DIRECTIONS FOR THIS TASK: The answer must be every entry below, word for word, with the pictures left out.

>>>

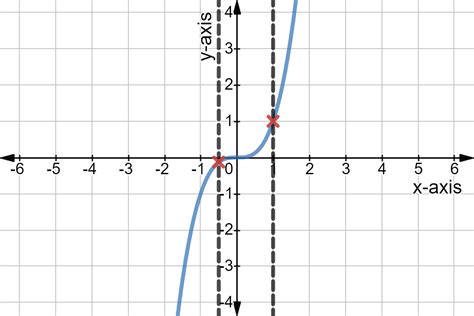 Vertical Line Test Practice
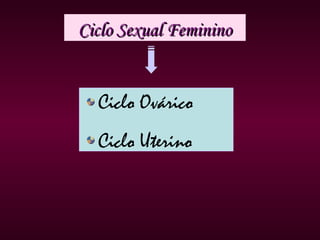 Ciclo Sexual Feminino


  Ciclo Ovárico
  Ciclo Uterino
 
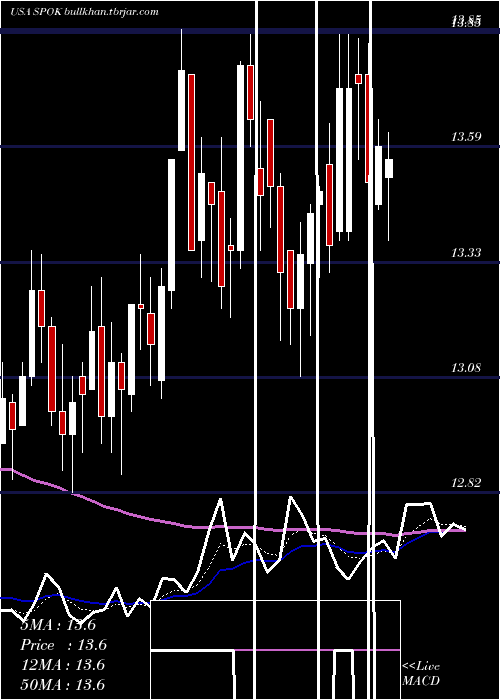  Daily chart SpokHoldings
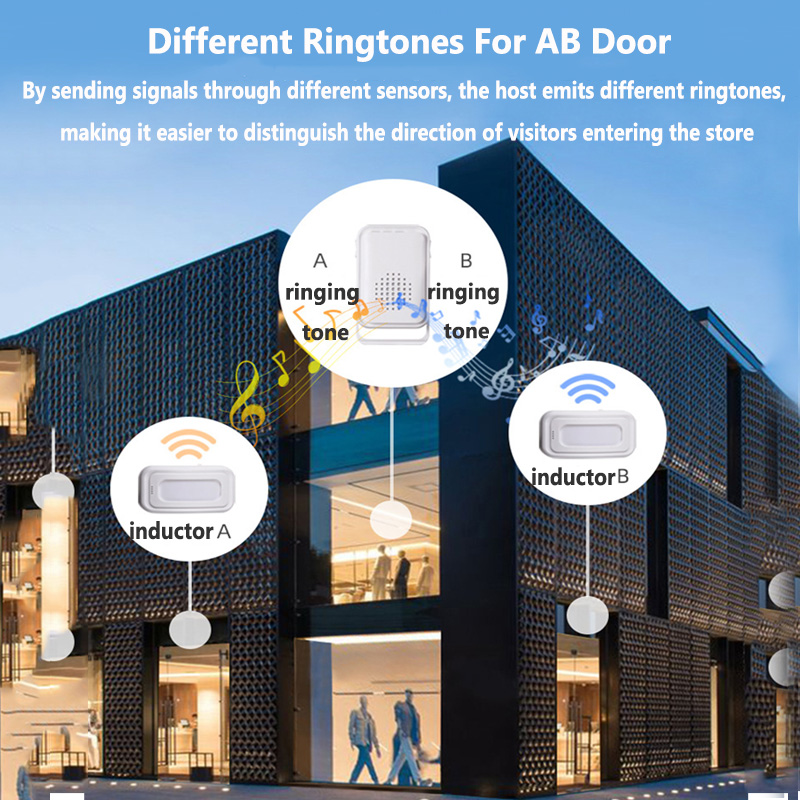 Draadloos Welkom Deurbel Thuis - Home Security Gate recensie en prijs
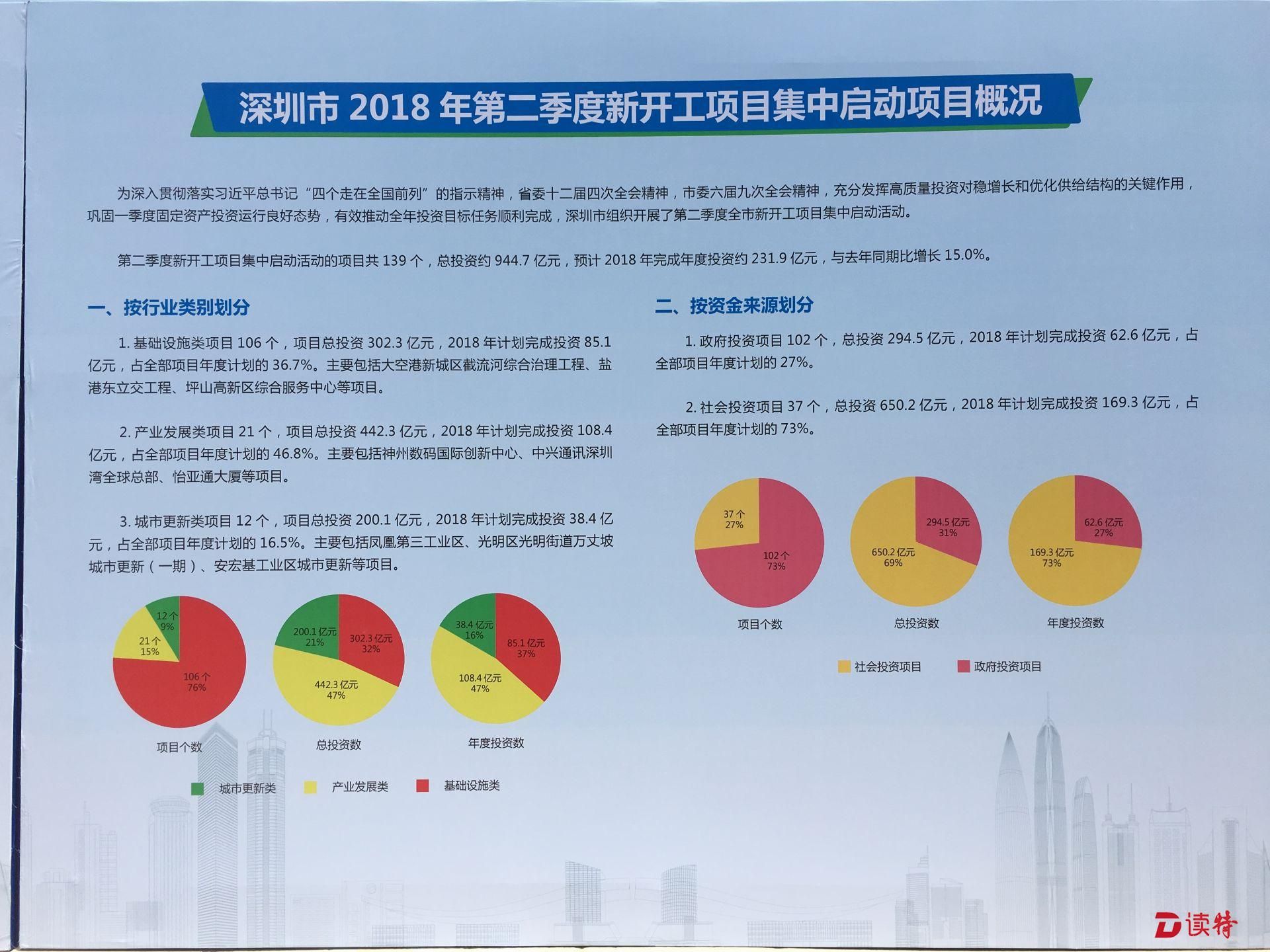 深圳全市139个项目集中开工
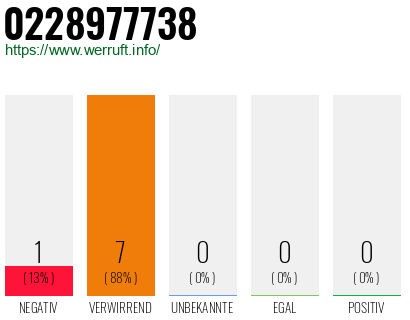 Rufnummer 0228977738 Telefonnummer 0228977738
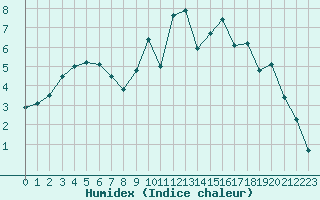 Courbe de l'humidex pour Lannion (22)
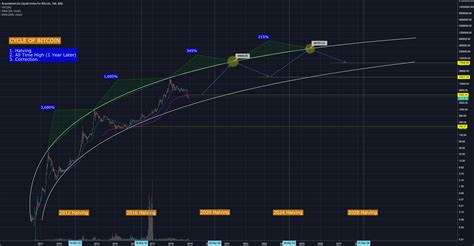 Bitcoin Value Chart The Current Crypto Bull Run Is Different From 2017 ...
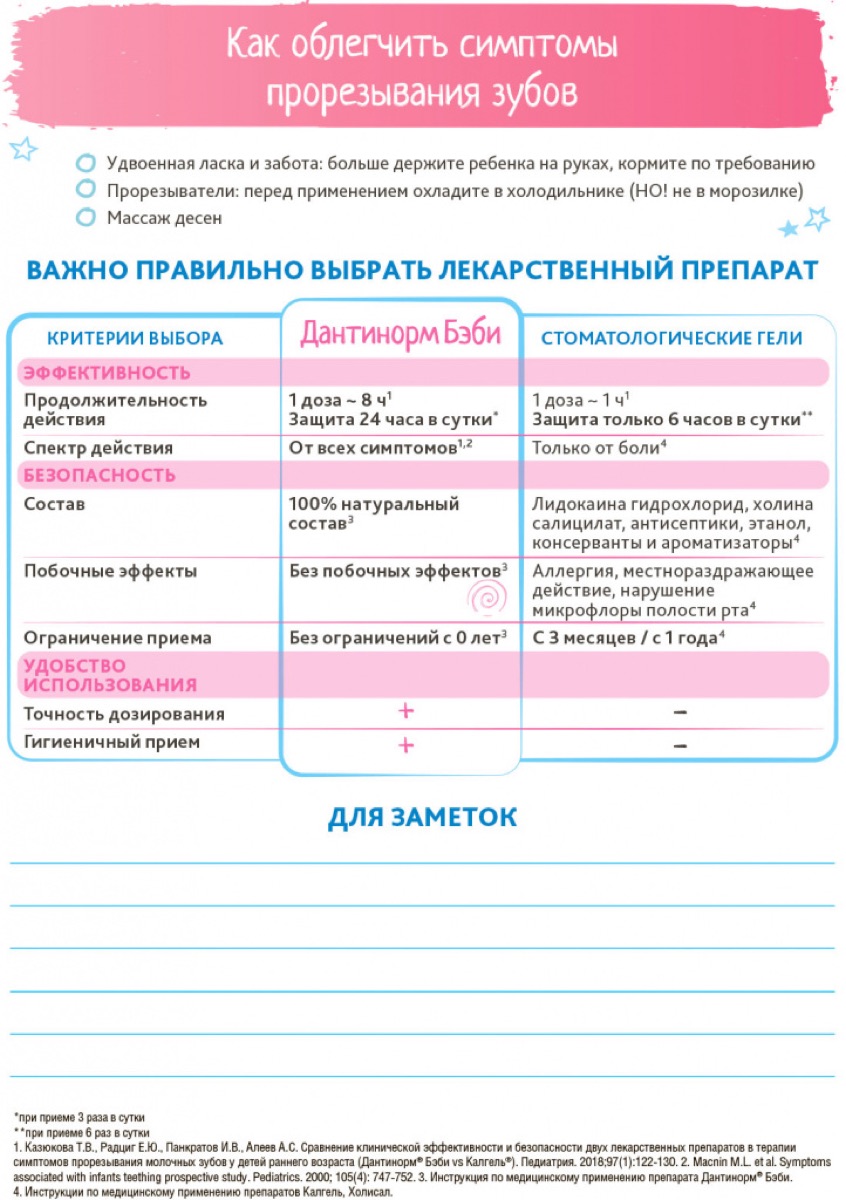 БУАРОН, фото 2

<<<

TASK RESPONSE:
 Vertical Line Test Practice
 Ciclo Sexual Feminino


  Ciclo Ovárico
  Ciclo Uterino
 
  Daily chart SpokHoldings
 Draadloos Welkom Deurbel Thuis - Home Security Gate recensie en prijs
 深圳全市139个项目集中开工
 Rufnummer 0228977738 Telefonnummer 0228977738
 Courbe de l'humidex pour Lannion (22)
 Bitcoin Value Chart The Current Crypto Bull Run Is Different From 2017 ...
 БУАРОН, фото 2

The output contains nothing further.